=== RECORDED INFORMATION ===
┄┄┄┄┄┄

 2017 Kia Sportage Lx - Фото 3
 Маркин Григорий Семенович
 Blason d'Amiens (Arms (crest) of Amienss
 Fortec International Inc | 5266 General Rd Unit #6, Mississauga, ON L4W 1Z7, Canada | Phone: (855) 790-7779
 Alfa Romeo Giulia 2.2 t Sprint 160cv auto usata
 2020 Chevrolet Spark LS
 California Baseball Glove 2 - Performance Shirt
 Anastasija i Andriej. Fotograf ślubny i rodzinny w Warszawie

┄┄┄┄┄┄

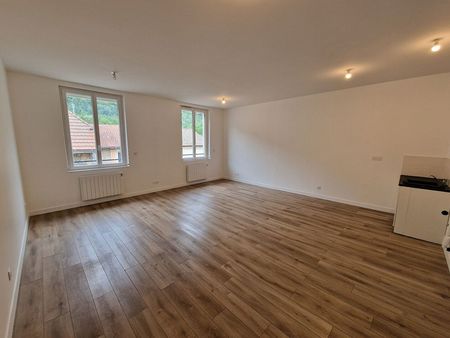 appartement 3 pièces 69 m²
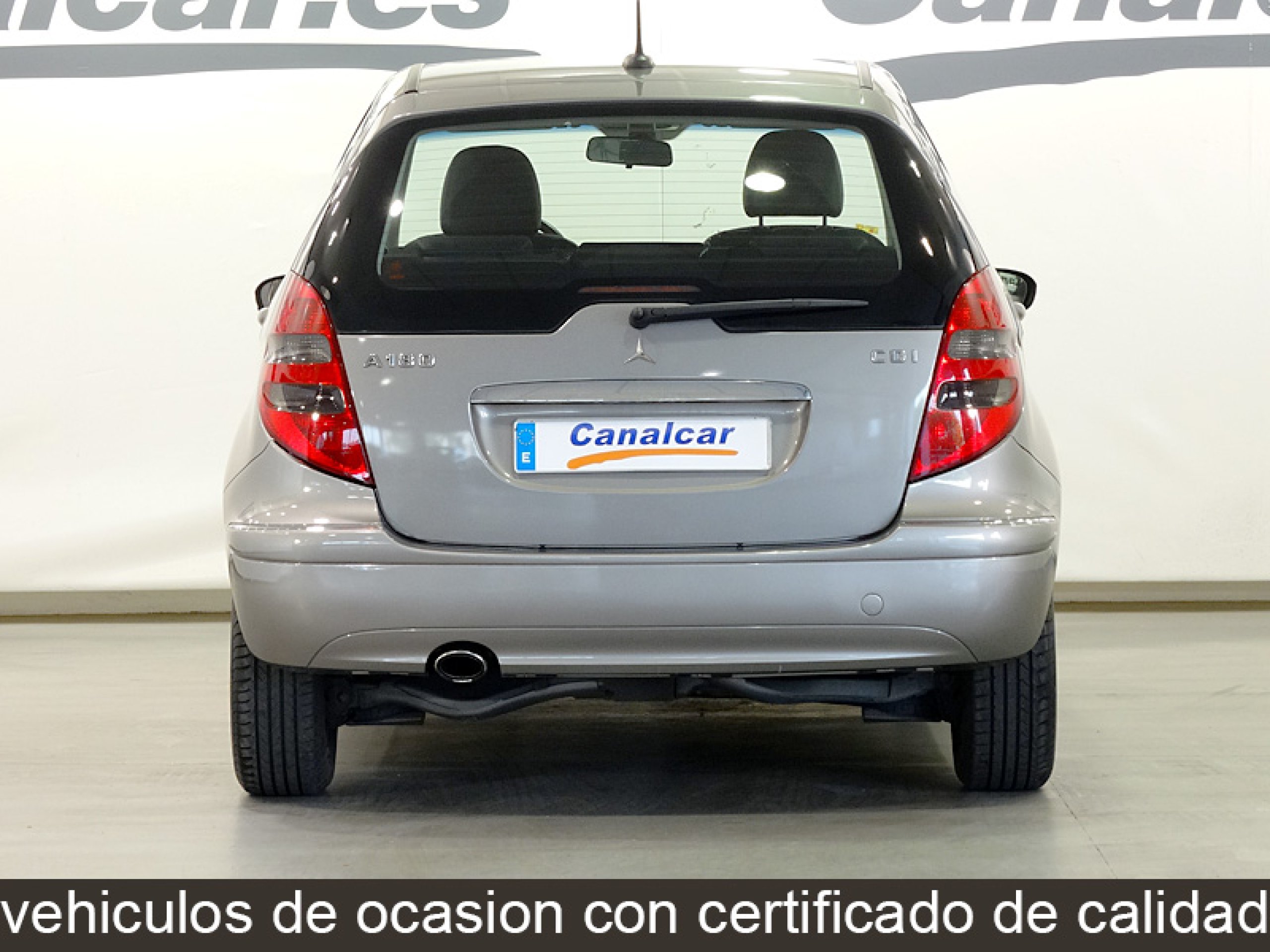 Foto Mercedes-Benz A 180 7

┄┄┄┄┄┄

=== WORK TASK ===
Quote the listing above, but only from the line that shows "Alfa Romeo Giulia" through the line that shows "Anastasija i Andriej.".

=== SOLUTION TO THIS TASK ===
 Alfa Romeo Giulia 2.2 t Sprint 160cv auto usata
 2020 Chevrolet Spark LS
 California Baseball Glove 2 - Performance Shirt
 Anastasija i Andriej. Fotograf ślubny i rodzinny w Warszawie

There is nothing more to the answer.